Can high p-values be helpful? What do high p-values mean?
Typically, when you perform a hypothesis test, you want to obtain low p-values that are statistically significant. Low p-values are sexy. They represent exciting findings and can help you get articles published.
However, you might be surprised to learn that higher p-values, the ones that are not statistically significant, are also valuable. In this post, I’ll show you the potential value of a p-value that is greater than 0.05, or whatever significance level you’re using.
The Role of Hypothesis Testing and P-Values
I’ve written about hypothesis testing and interpreting p-values in many other blog posts. I’ll summarize them for this blog post, but please read the related posts for more details.
Hypothesis testing is a form of inferential statistics. You want to use your sample data to draw conclusions about the entire population. When you collect a random sample, you might observe an effect within the sample, such as a difference between group means. But, does that effect exist in the population? Or, is it just random error in the sample?
For example, suppose you’re comparing two teaching methods and want to determine whether one method produces higher mean test scores. In your sample data, you see that the mean for Method A is greater than Method B. However, random samples contain random error, which makes your sample means very unlikely to equal the population means precisely. Unfortunately, the difference between the sample means of two teaching methods can represent either an effect that exists in the population or random error in your sample.
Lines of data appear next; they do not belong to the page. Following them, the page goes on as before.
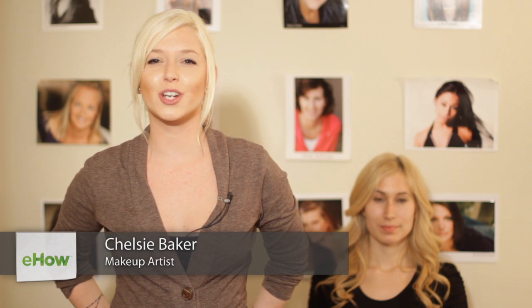Hi guys, this is Chelsea Baker, professional cosmetologist of five years. Today I'm going to show you how to remove liver spots from your face. Let's get started.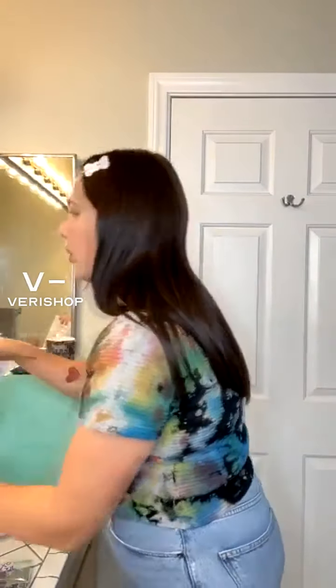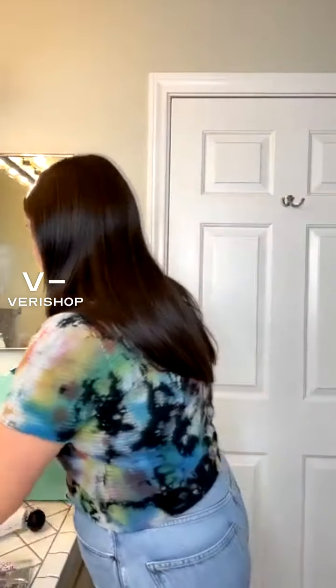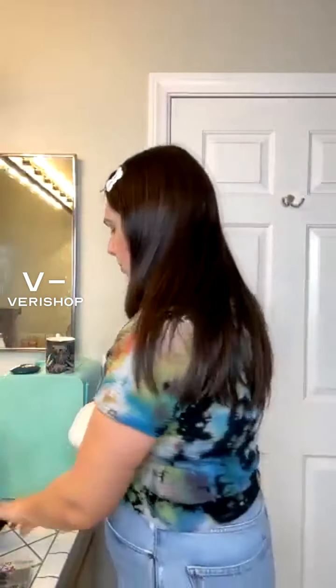You have to charge it when you first get it, so make sure you charge it up. It comes in this little box — super cute — and then it has a little carrying case. It is quite small. The actual product is heavy, but the little case that it comes in is pretty small and pretty nice.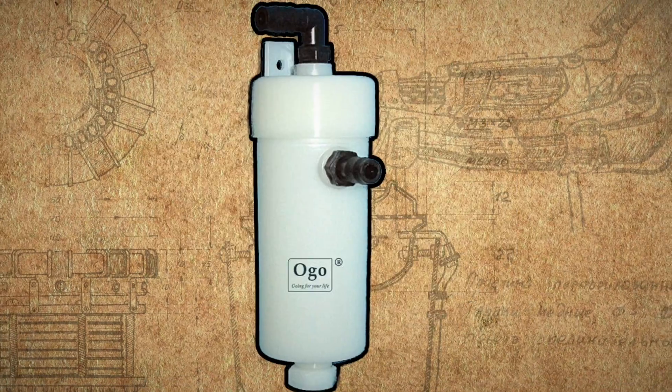Hey hydrogen people! In this video I'll show you the best items for hydrogen experiments that you can order from Aliexpress.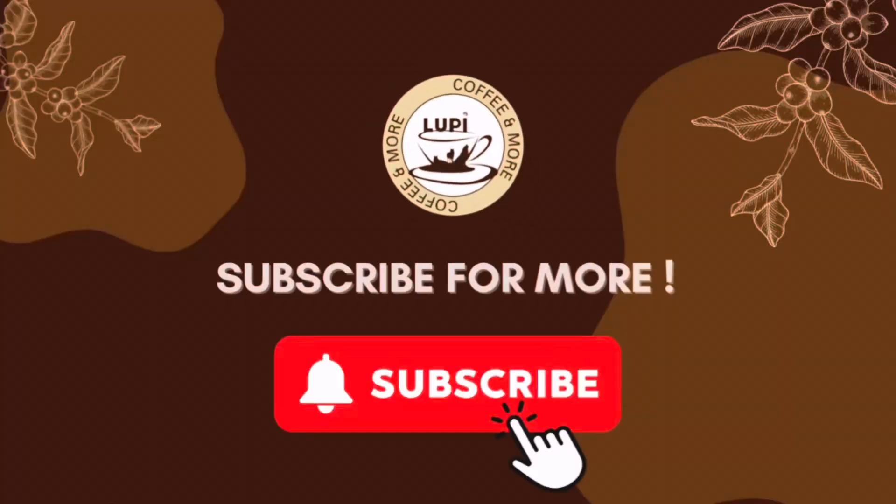This is all for this video, I hope you like it. Let us know in the comments which one is your favorite tea. And do not forget to subscribe, like and share.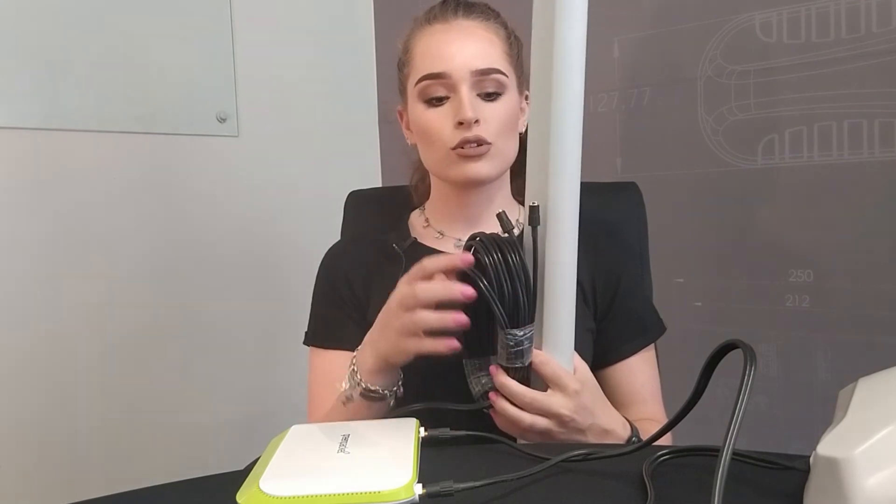You will notice that there are two cables connecting to the router, and that is because you need two antennas. Inside this box, or this enclosure as it's known as, there are two antennas inside here, making your life a lot easier.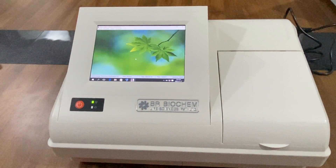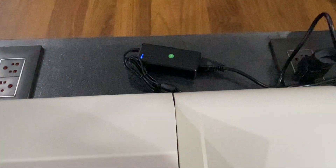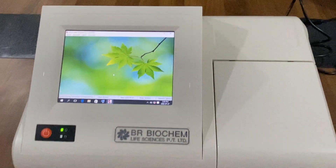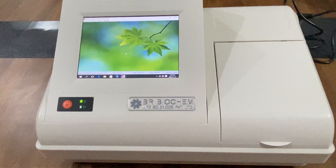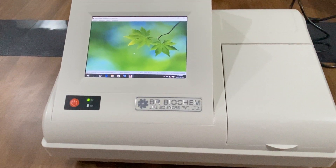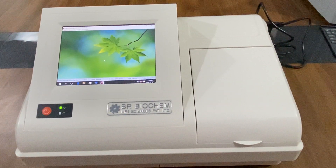This ELISA reader has a wavelength range from 400 nm to 750 nm. We provide a maximum of 8 filters in this ELISA reader. The 4 standard filters are 405 nm, 450 nm, 492 nm, and 630 nm.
This point is where p-values and significance levels come in. Typically, you want p-values that are less than your significance levels (e.g., 0.05) because it indicates your sample evidence is strong enough to conclude that Method A is better than Method B for the entire population. Teaching method appears to have a real effect. Exciting stuff!
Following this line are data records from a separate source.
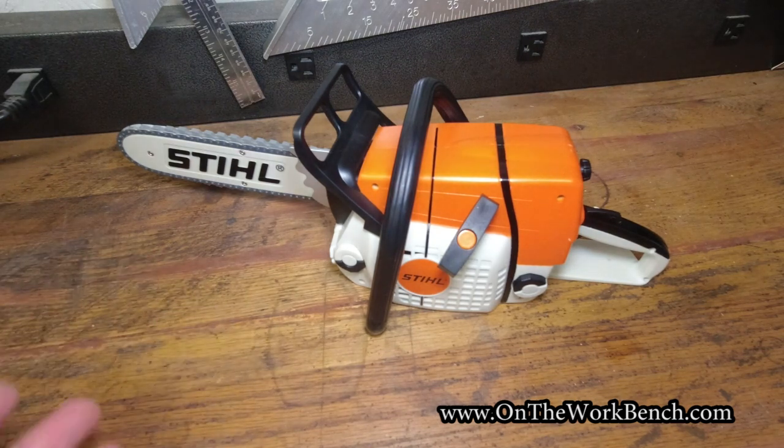Whenever you buy this saw it even comes with an extra chain from Stihl, and they even provide a nice little case for it.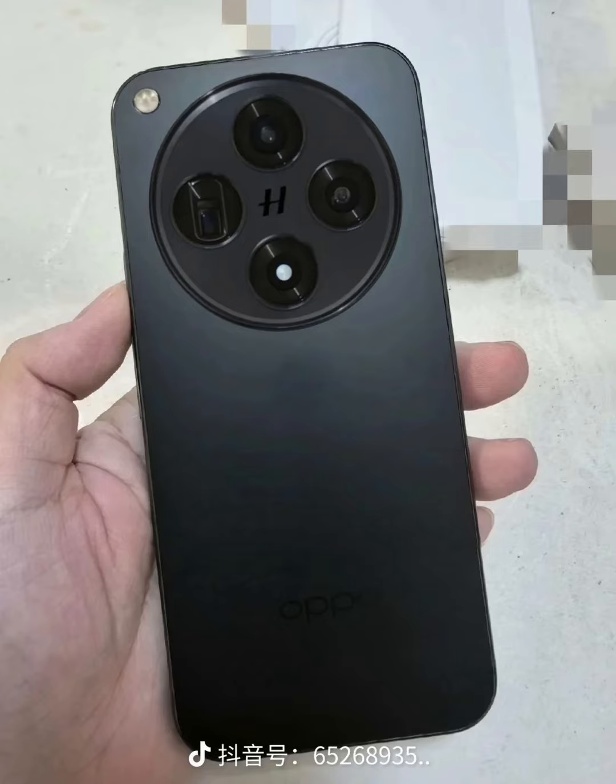Additional features of the series include an IP69-rated body, an alert slider, and a dedicated camera control button.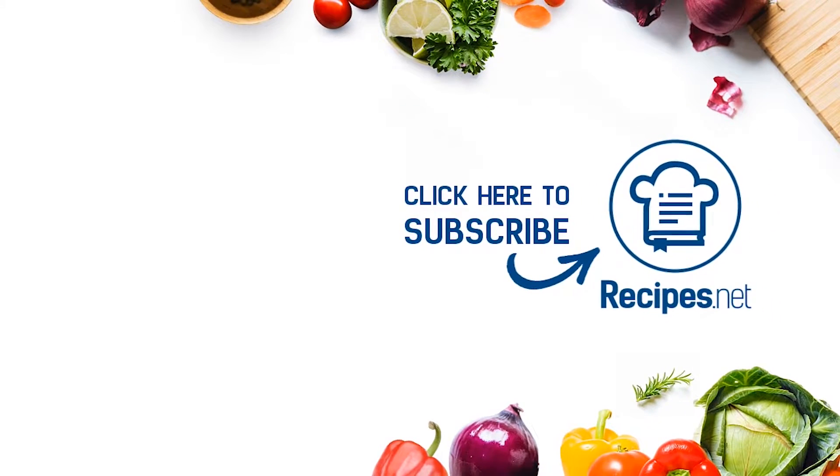Don't forget to hit like, subscribe, and turn on that notification bell to catch more easy and tasty dishes to try at home. I'll see you next time. Bye.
Higher P-Values and Their Importance
However, for this post, I’ll go in the opposite direction and try to help you appreciate higher, insignificant p-values! These are cases where you cannot conclude that an effect exists in the population. For the teaching method example above, a higher p-value indicates that we have insufficient evidence to conclude that one teaching method is better than the other.
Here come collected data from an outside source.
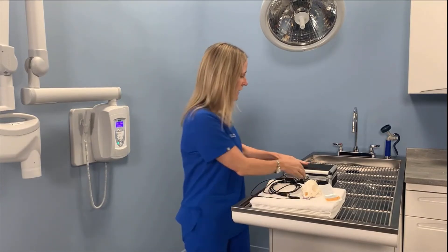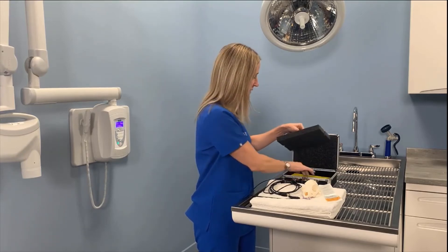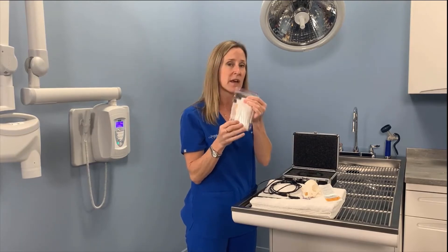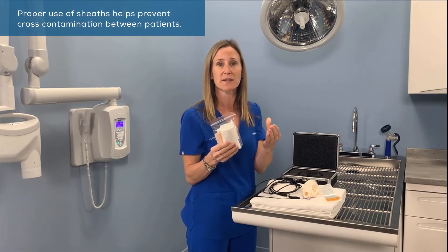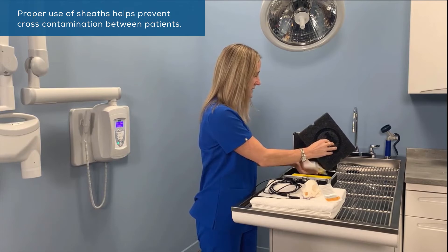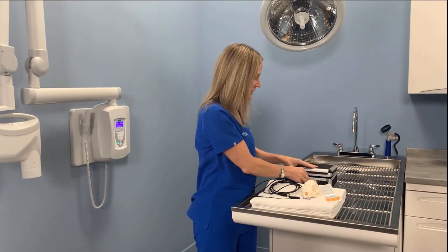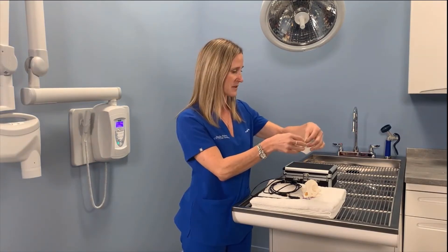It's going to come inside this case right here. When you open it up and lift the top piece of Styrofoam, underneath you're going to find a package of sensor sheets. These you're going to use for each new patient to protect the sensor from cross-contamination. I suggest you find a space nearby where you're doing procedures to keep these handy, and put a new sheath on for every new patient that you do dental x-ray procedures on.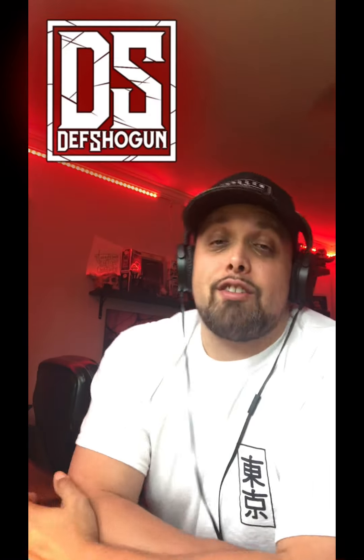Ladies and germs, thank you for joining me. I am Def Shogun, freelance illustrator, graphic designer. If you'd like to check out all my links, they're down below.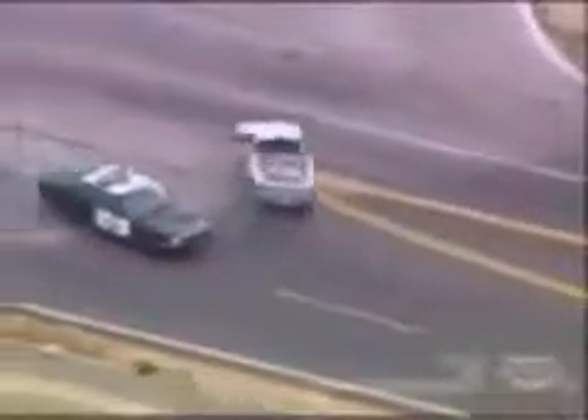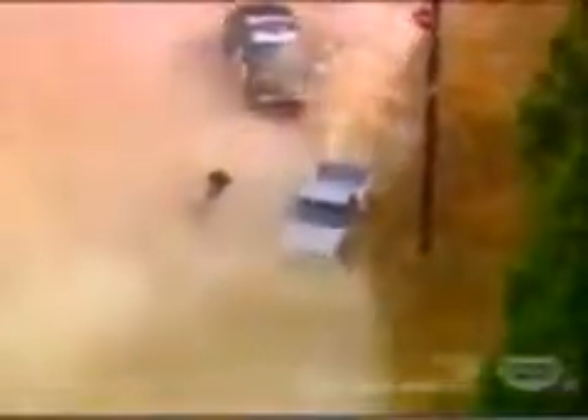Both suspects are local, natives of this small desert town. But in one day's work they managed to rack up some very big-time charges, including burglary, grand theft auto, and felony hit-and-run. The chase lasted almost two hours. And though they risked their lives over and over, these homeboys didn't get too far. Ironically, they were captured less than three blocks from where the chase began.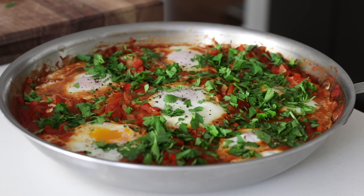Shakshuka is a traditional Middle Eastern and North African dish that can be eaten for breakfast, lunch, or dinner. It's a simple combination of simmering tomatoes, onions, garlic, spices, and poached eggs. I love this recipe because it's nourishing, filling, easy to make with everyday ingredients, and it's just one of those recipes that you will make time and again. So let me show you how to make it.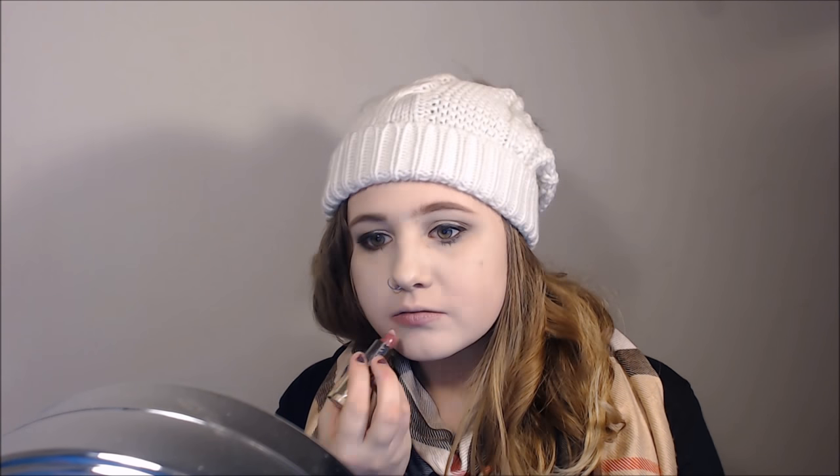Next up we have Rapture, which is also a cream formulation. This one is described as a dusty rose. It looks like this in the tube and like this on the lips, which I really like. Let's go to the next one.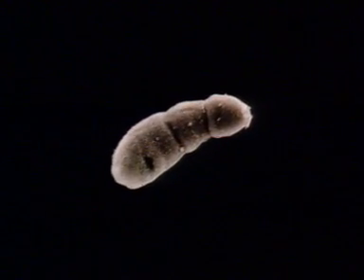Here, cercariae are penetrating the tail skin of a mouse. They attach with their suckers, digest, and wriggle their way through the skin. Once the body is inside, the tail drops off but remains active. The parasite, now called the schistosomulum, is safely within its new host.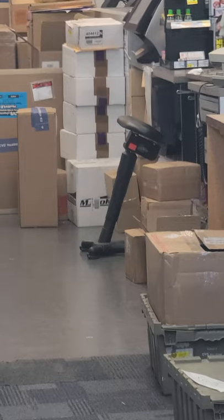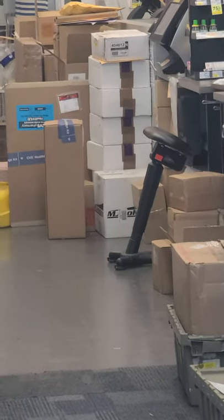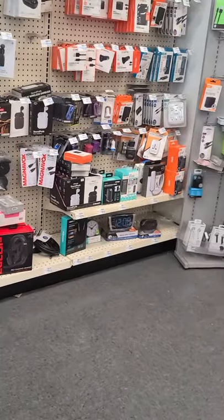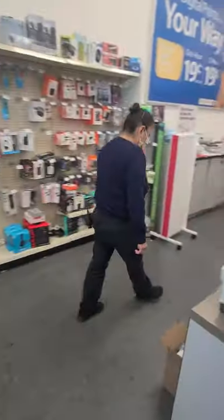I see an MJ holding box, so I'm going to ask the workers if they can open it up. It's the white MJ holding box. Let's check it out.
Let’s graphically illustrate three different hypothetical studies about teaching methods in the plots below. Which of the following three studies have statistically significant results? The difference between the two groups is the effect size for each study. Here’s the CSV data file: studies.
All three studies appear to have differences between their sample means. However, even if the population means are exactly equal, the sample means are unlikely to be equal. We need to filter out the signal (real differences) from the noise (random error). That’s where hypothesis tests play a role.
The table displays the p-values from the 2-sample t-tests for the three studies.
Surprise! Only the graph with the smaller difference between means is statistically significant!
The key takeaway here is that you can use graphs to illustrate experimental results, but you must use hypothesis tests to draw conclusions about effects in the population. Don’t jump to conclusions because the patterns in your graph might represent random error!
P-values Greater Than the Significance Level
A crucial point to remember is that the effect size that you see in the graphs is only one of several factors that influence statistical significance. These factors include the following:
- Effect size: Larger effect sizes are less likely to represent random error. However, by itself, the effect size is insufficient.
- Sample size: Larger sample sizes allow hypothesis tests to detect smaller effects.
- Variability: When your sample data are more variable, random sampling error is more likely to produce substantial differences between groups even when no effect exists in the population.
You can have a large effect size, but if your sample size is small and/or the variability in your sample is high, random error can produce large differences between the groups. High p-values help identify cases where random error is a likely culprit for differences between groups in your sample.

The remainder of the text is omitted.